Posted in r/apolloapp by u/iamthatis • 303 points and 104 comments
Christian has decided to squeeze Apollo again for more money, besides the wallpapers and asking people to decline their prorated refund. Christian additionally forced a pop up ad advertising this plushie.
This is just exposing to more people the greediness that Christian has tapped into recently. Recall that previously, Christian forced daily pop up ads to paid pro users to get them to subscribe to ultra, which was originally stated to only be for notifications since it required a server, but now had all new features attached to it, even very simple local features. Reddit did him dirty, but to be honest, he may have had it coming.
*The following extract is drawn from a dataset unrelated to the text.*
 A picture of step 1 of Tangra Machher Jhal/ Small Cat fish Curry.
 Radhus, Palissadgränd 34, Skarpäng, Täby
He previously disabled ultra access to Jailbroken devices as well, even if they were valid paid users. Christian also didn’t provide refunds to lifetime users who bought it before all the API stuff. Speaking of that, does anyone remember how instead of stating the price was increasing (which happened all the time) he instead said it was “going on sale at the old price”? Kinda misleading.
Yes, Reddit is all just user content, so I do not feel too bad for them, however it is true that Reddit’s free service in the form of their API made Christian potentially millions. However I do feel like there was a better compromise rather than what ended up happening.
He took a very ugly website and made it into an intuitive, beautiful, easy to use app. You can hate on him all you want, but he did an amazing job at making Reddit tolerable, and that takes work and effort.
He used the APIs they provided to do it, then they took them back when they realized they could profit more by not offering up APIs and only letting people go through their ad-filled junk app and site.
And a clean, intuitive UI. And support. And updates that listened to its user base. And no ad every 3 posts. It's supposed to be Reddit, if that's what you're saying it is like that's a bad thing then that's stupid.
At this point I'll assume you're just trolling, old Reddit is notoriously difficult to use and that's pretty common knowledge. It's off putting for most users, which is why they had to completely remake it with new Reddit.